-- RECORDS TO PROCESS follows --

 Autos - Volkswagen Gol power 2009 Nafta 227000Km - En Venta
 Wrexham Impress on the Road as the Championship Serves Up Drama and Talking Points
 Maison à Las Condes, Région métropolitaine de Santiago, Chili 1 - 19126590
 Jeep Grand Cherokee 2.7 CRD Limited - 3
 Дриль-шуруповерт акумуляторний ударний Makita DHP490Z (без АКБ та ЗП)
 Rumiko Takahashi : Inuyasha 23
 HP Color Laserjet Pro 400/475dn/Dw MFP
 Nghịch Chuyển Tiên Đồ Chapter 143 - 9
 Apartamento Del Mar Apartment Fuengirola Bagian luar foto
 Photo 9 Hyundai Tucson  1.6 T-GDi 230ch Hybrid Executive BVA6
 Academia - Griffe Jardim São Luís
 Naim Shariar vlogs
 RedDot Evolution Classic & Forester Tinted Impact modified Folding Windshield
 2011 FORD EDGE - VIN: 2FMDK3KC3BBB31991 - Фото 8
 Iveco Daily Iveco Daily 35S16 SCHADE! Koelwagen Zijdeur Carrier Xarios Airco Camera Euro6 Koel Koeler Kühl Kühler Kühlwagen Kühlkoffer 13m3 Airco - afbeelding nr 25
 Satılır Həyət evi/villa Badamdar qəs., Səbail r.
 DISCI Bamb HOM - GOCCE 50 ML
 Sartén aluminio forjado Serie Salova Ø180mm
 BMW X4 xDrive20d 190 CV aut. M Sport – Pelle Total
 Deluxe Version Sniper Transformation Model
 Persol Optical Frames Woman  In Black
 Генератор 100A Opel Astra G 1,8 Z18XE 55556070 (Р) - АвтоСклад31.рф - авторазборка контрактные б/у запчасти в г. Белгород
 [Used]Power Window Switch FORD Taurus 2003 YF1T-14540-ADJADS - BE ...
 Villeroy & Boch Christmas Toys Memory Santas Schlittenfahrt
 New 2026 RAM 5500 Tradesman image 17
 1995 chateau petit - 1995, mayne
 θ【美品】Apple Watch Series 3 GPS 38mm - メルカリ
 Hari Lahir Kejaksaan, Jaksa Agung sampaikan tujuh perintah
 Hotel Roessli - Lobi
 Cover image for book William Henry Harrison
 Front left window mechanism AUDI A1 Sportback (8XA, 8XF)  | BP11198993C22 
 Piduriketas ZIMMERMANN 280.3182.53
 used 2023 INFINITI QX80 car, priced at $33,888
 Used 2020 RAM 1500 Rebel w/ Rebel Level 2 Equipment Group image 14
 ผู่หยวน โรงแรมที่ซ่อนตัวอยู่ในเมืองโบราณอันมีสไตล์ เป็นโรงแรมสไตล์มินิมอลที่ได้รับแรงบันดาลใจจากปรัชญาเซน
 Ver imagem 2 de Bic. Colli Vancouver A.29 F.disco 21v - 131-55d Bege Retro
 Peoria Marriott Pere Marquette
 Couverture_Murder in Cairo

-- RECORDS TO PROCESS concluded --

• [YOUR GOAL]: Reprint every entry exactly.

• [RESPONSE TO THE TASK]:
 Autos - Volkswagen Gol power 2009 Nafta 227000Km - En Venta
 Wrexham Impress on the Road as the Championship Serves Up Drama and Talking Points
 Maison à Las Condes, Région métropolitaine de Santiago, Chili 1 - 19126590
 Jeep Grand Cherokee 2.7 CRD Limited - 3
 Дриль-шуруповерт акумуляторний ударний Makita DHP490Z (без АКБ та ЗП)
 Rumiko Takahashi : Inuyasha 23
 HP Color Laserjet Pro 400/475dn/Dw MFP
 Nghịch Chuyển Tiên Đồ Chapter 143 - 9
 Apartamento Del Mar Apartment Fuengirola Bagian luar foto
 Photo 9 Hyundai Tucson  1.6 T-GDi 230ch Hybrid Executive BVA6
 Academia - Griffe Jardim São Luís
 Naim Shariar vlogs
 RedDot Evolution Classic & Forester Tinted Impact modified Folding Windshield
 2011 FORD EDGE - VIN: 2FMDK3KC3BBB31991 - Фото 8
 Iveco Daily Iveco Daily 35S16 SCHADE! Koelwagen Zijdeur Carrier Xarios Airco Camera Euro6 Koel Koeler Kühl Kühler Kühlwagen Kühlkoffer 13m3 Airco - afbeelding nr 25
 Satılır Həyət evi/villa Badamdar qəs., Səbail r.
 DISCI Bamb HOM - GOCCE 50 ML
 Sartén aluminio forjado Serie Salova Ø180mm
 BMW X4 xDrive20d 190 CV aut. M Sport – Pelle Total
 Deluxe Version Sniper Transformation Model
 Persol Optical Frames Woman  In Black
 Генератор 100A Opel Astra G 1,8 Z18XE 55556070 (Р) - АвтоСклад31.рф - авторазборка контрактные б/у запчасти в г. Белгород
 [Used]Power Window Switch FORD Taurus 2003 YF1T-14540-ADJADS - BE ...
 Villeroy & Boch Christmas Toys Memory Santas Schlittenfahrt
 New 2026 RAM 5500 Tradesman image 17
 1995 chateau petit - 1995, mayne
 θ【美品】Apple Watch Series 3 GPS 38mm - メルカリ
 Hari Lahir Kejaksaan, Jaksa Agung sampaikan tujuh perintah
 Hotel Roessli - Lobi
 Cover image for book William Henry Harrison
 Front left window mechanism AUDI A1 Sportback (8XA, 8XF)  | BP11198993C22 
 Piduriketas ZIMMERMANN 280.3182.53
 used 2023 INFINITI QX80 car, priced at $33,888
 Used 2020 RAM 1500 Rebel w/ Rebel Level 2 Equipment Group image 14
 ผู่หยวน โรงแรมที่ซ่อนตัวอยู่ในเมืองโบราณอันมีสไตล์ เป็นโรงแรมสไตล์มินิมอลที่ได้รับแรงบันดาลใจจากปรัชญาเซน
 Ver imagem 2 de Bic. Colli Vancouver A.29 F.disco 21v - 131-55d Bege Retro
 Peoria Marriott Pere Marquette
 Couverture_Murder in Cairo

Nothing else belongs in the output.